The third component of the project, to determine the consequences for land-to-lake transfers on the important fisheries industry in the Winam Gulf catchment, has been restricted owing to the difficulty in operating the KMFRI research vessel with appropriate social distancing. We will return to the fieldwork on this component later in 2021 to catch-up in earnest.

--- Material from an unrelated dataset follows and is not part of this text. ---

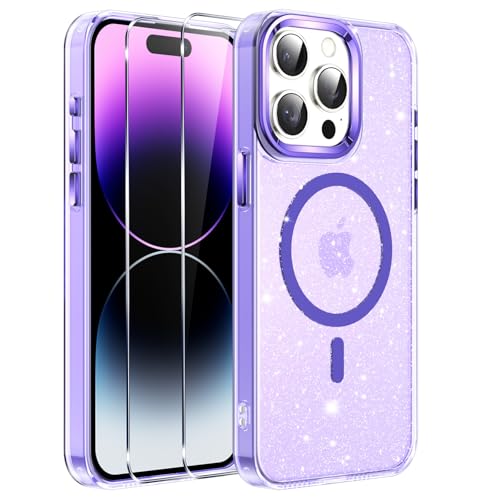 Viojrlra Glitzer Magnetische Hülle für iPhone 14 pro max mit 2 Stück Schutzfolie kompatibel mit MagSafe, Sparkle Soft TPU Bumper PC Schale Handyhülle, Stoßfest Schutzhülle für iPhone 14 pro max, Lila Viojrlra Glitzer Magnetische Hülle für iPhone 14 pro max mit 2 Stück Schutzfolie kompatibel mit MagSafe, Sparkle Soft TPU Bumper PC Schale Handyhülle, Stoßfest Schutzhülle für iPhone 14 pro max, Lila von Viojrlra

However, Andy Marriott (BGS) has made progress with Chris Aura (KMFRI) on the presentation of existing data from the BGS-ODA project to assist in the planning and advisory capacity to the development of aquaculture, which had a follow-up stakeholder meeting just before Christmas to consult on the co-design of data presentation and usage. 

Melvine stands in front of some of Nandi County's slopes, holding her fingers in the peace sign
Melvine Otieno in Nandi County

Whilst the COVID-19 crisis has immensely inhibited physical contacts between the partners, it has ironically enhanced opportunities for communications via Zoom/WhatsApp and increased focus on data dissemination for practicable outcomes. It has forced the speeding up of training and transfer of responsibility for undertaking fieldwork and in-country activities, which will be hugely beneficial to the capacity strengthening goals of our partnership. All being said, as a team, we look forward to Kenyan visits to the UK once again and for those of us in the UK to experience the warmth of working alongside our colleagues in Kenya in the hopefully not too distant future. 


A view of the slopes, with a tree in the foreground. The leaves are green and the sky is blue but somewhat cloudy.